Source material Start Marker

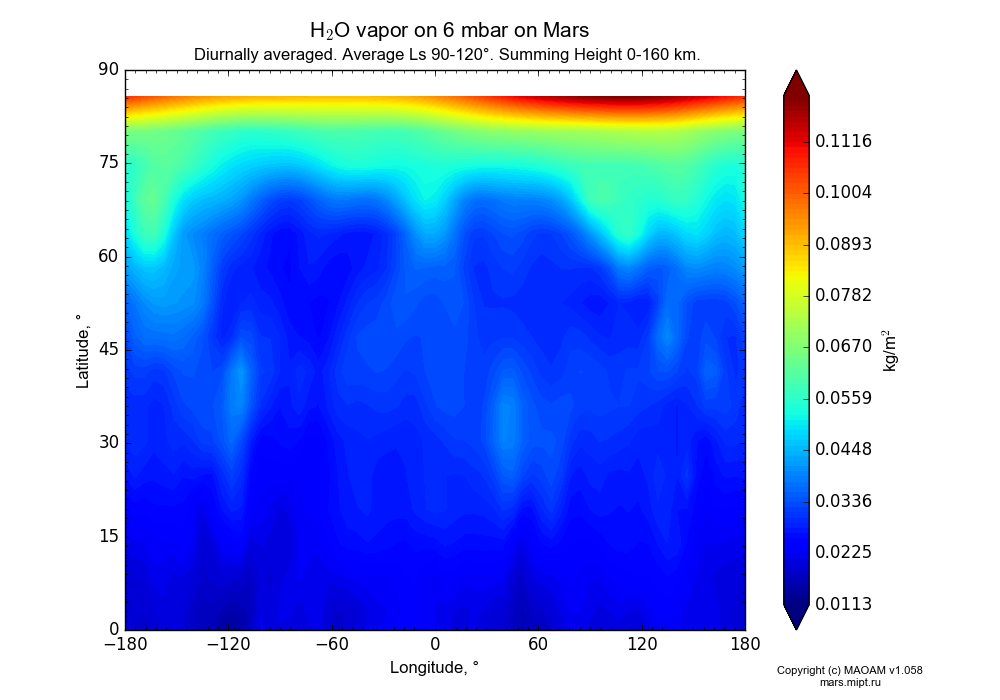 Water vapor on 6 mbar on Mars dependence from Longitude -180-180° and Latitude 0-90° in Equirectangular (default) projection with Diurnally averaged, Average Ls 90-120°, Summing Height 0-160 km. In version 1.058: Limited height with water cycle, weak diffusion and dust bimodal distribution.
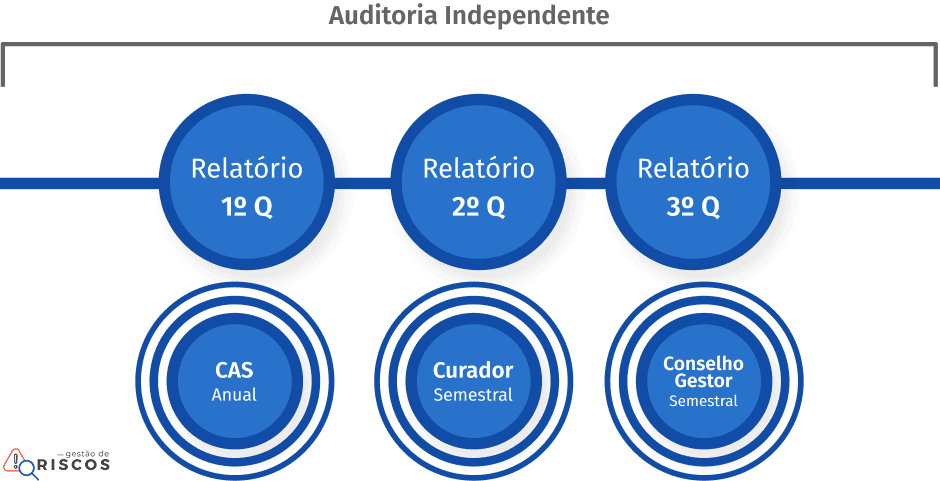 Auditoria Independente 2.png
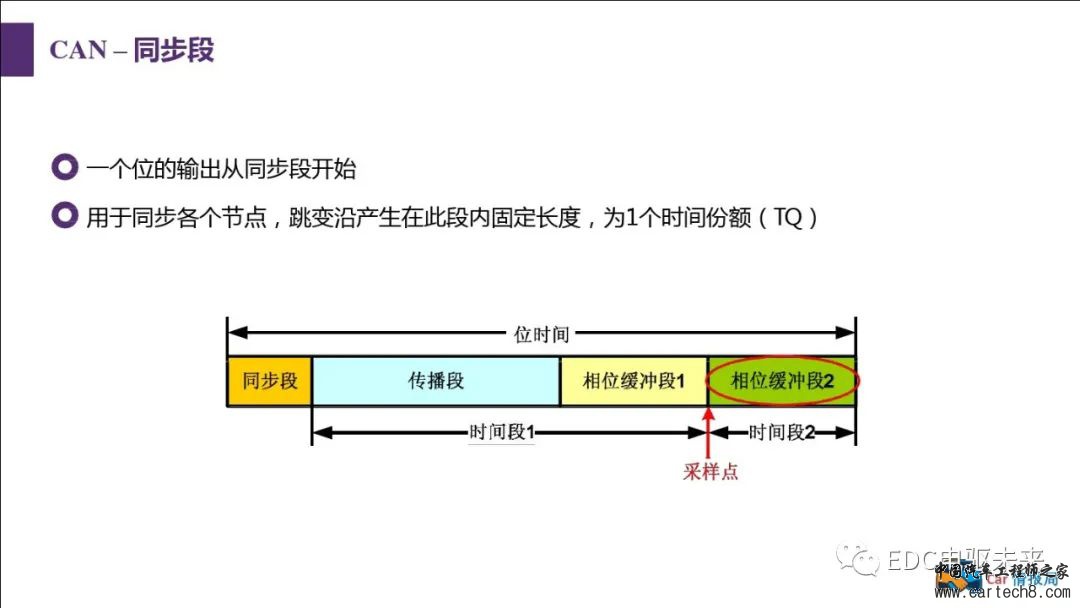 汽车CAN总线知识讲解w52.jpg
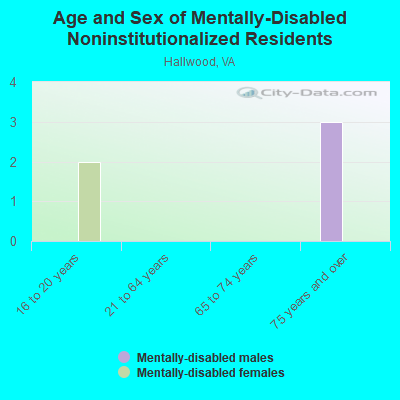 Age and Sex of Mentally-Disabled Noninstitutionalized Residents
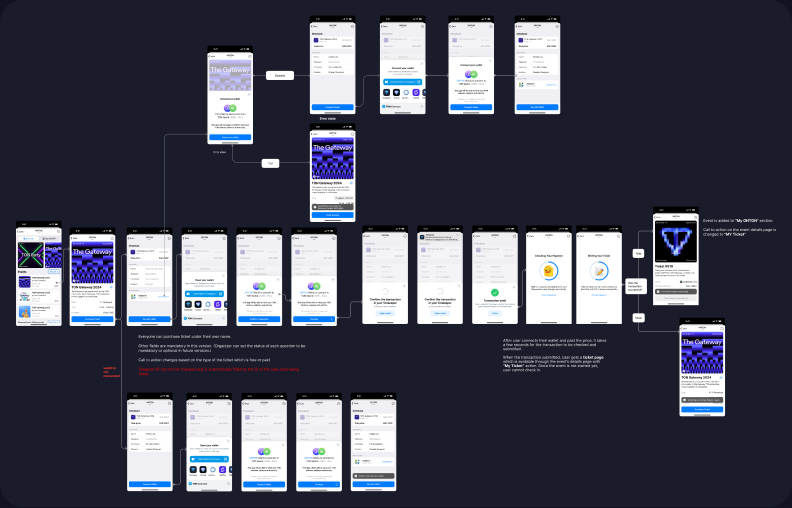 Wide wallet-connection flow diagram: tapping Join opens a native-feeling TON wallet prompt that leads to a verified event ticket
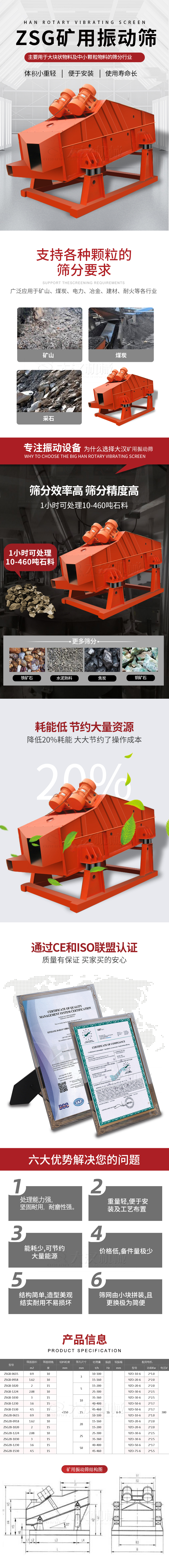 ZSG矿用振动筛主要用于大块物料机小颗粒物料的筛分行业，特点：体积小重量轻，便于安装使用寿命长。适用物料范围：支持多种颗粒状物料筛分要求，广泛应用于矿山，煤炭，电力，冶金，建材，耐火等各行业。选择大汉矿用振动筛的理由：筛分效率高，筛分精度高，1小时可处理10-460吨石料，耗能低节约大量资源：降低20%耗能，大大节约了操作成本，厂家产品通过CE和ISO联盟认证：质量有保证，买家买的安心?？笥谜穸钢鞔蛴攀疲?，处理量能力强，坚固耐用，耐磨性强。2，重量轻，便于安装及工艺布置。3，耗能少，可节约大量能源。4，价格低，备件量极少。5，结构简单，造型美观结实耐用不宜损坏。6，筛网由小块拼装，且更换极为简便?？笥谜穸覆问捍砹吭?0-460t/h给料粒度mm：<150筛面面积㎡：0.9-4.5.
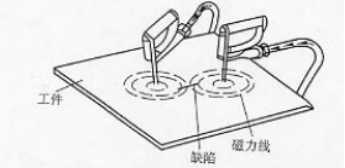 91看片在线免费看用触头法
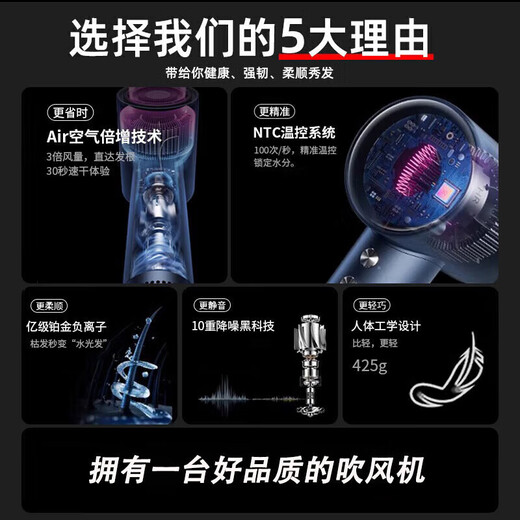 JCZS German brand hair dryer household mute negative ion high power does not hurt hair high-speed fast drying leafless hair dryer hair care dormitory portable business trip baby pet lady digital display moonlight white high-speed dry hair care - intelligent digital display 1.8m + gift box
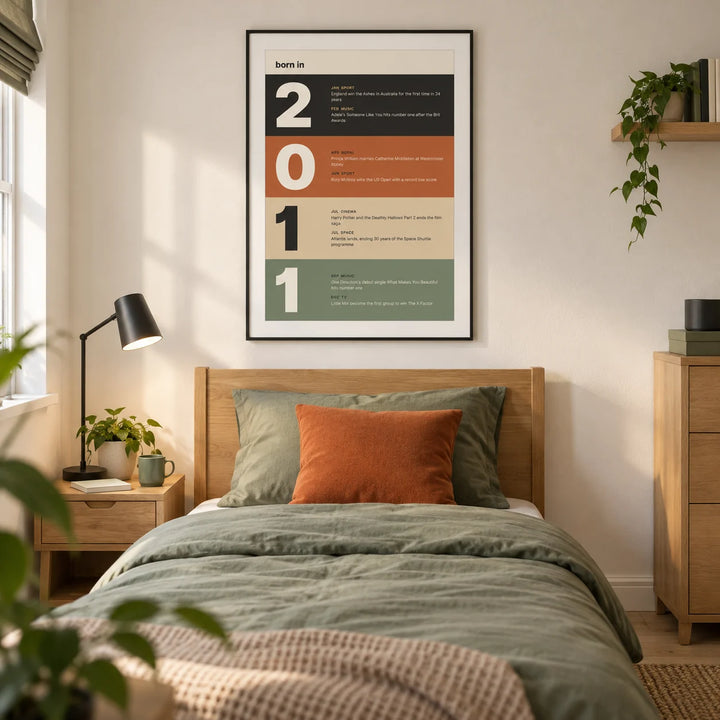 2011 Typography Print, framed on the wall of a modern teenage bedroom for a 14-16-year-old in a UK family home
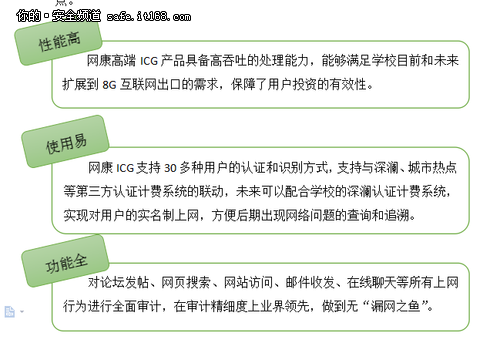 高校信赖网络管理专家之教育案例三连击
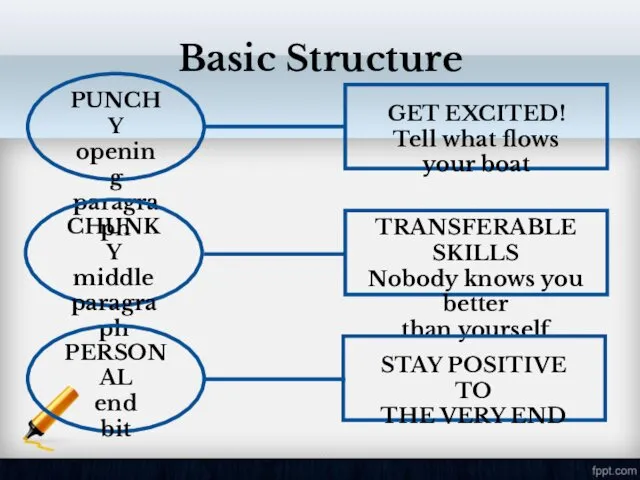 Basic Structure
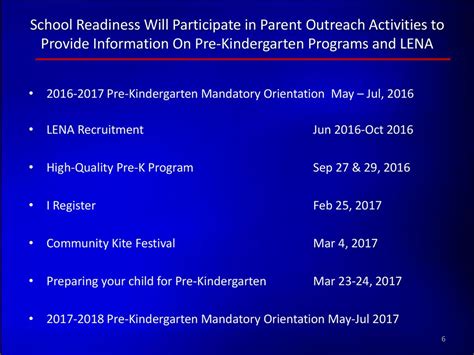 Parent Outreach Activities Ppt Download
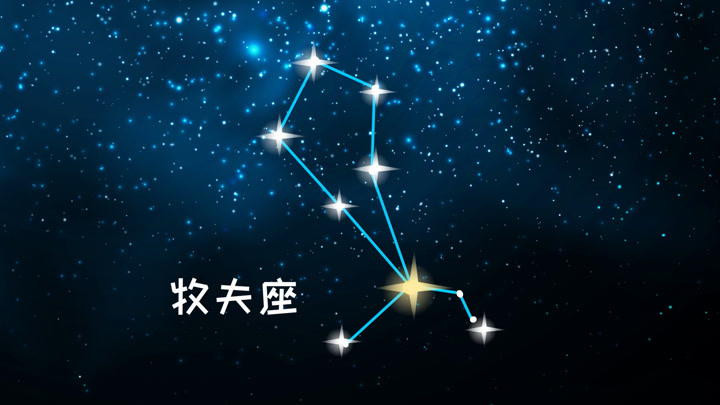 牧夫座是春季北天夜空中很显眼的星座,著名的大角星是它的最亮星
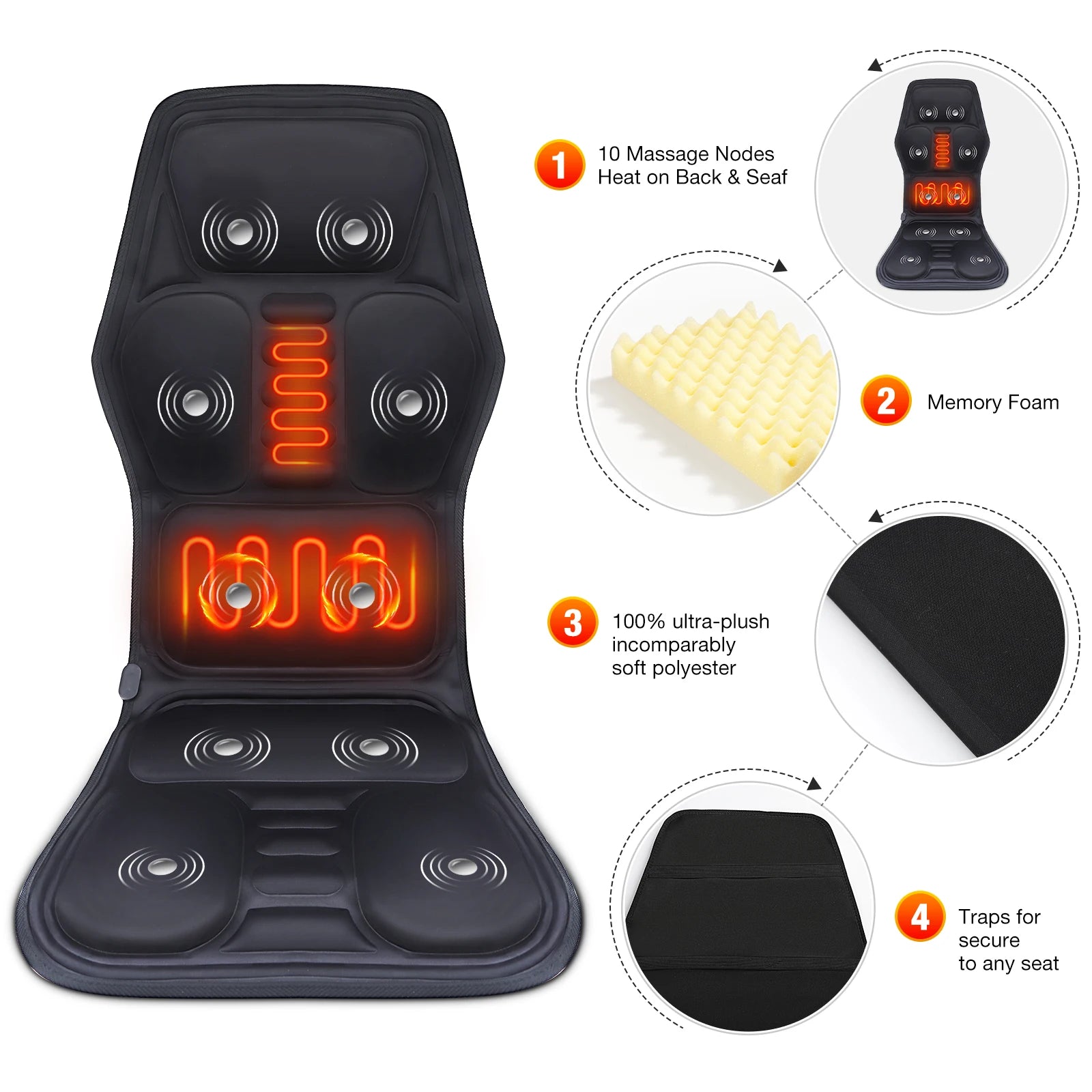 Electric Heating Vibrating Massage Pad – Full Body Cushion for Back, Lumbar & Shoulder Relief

Source material End Marker

» **Task brief**
The answer must be an exact copy of the lines from the one with "JCZS German brand" through the final line above, both ends included, and nothing else; pictures stay out.

» **Exercise output**
 JCZS German brand hair dryer household mute negative ion high power does not hurt hair high-speed fast drying leafless hair dryer hair care dormitory portable business trip baby pet lady digital display moonlight white high-speed dry hair care - intelligent digital display 1.8m + gift box
 2011 Typography Print, framed on the wall of a modern teenage bedroom for a 14-16-year-old in a UK family home
 高校信赖网络管理专家之教育案例三连击
 Basic Structure
 Parent Outreach Activities Ppt Download
 牧夫座是春季北天夜空中很显眼的星座,著名的大角星是它的最亮星
 Electric Heating Vibrating Massage Pad – Full Body Cushion for Back, Lumbar & Shoulder Relief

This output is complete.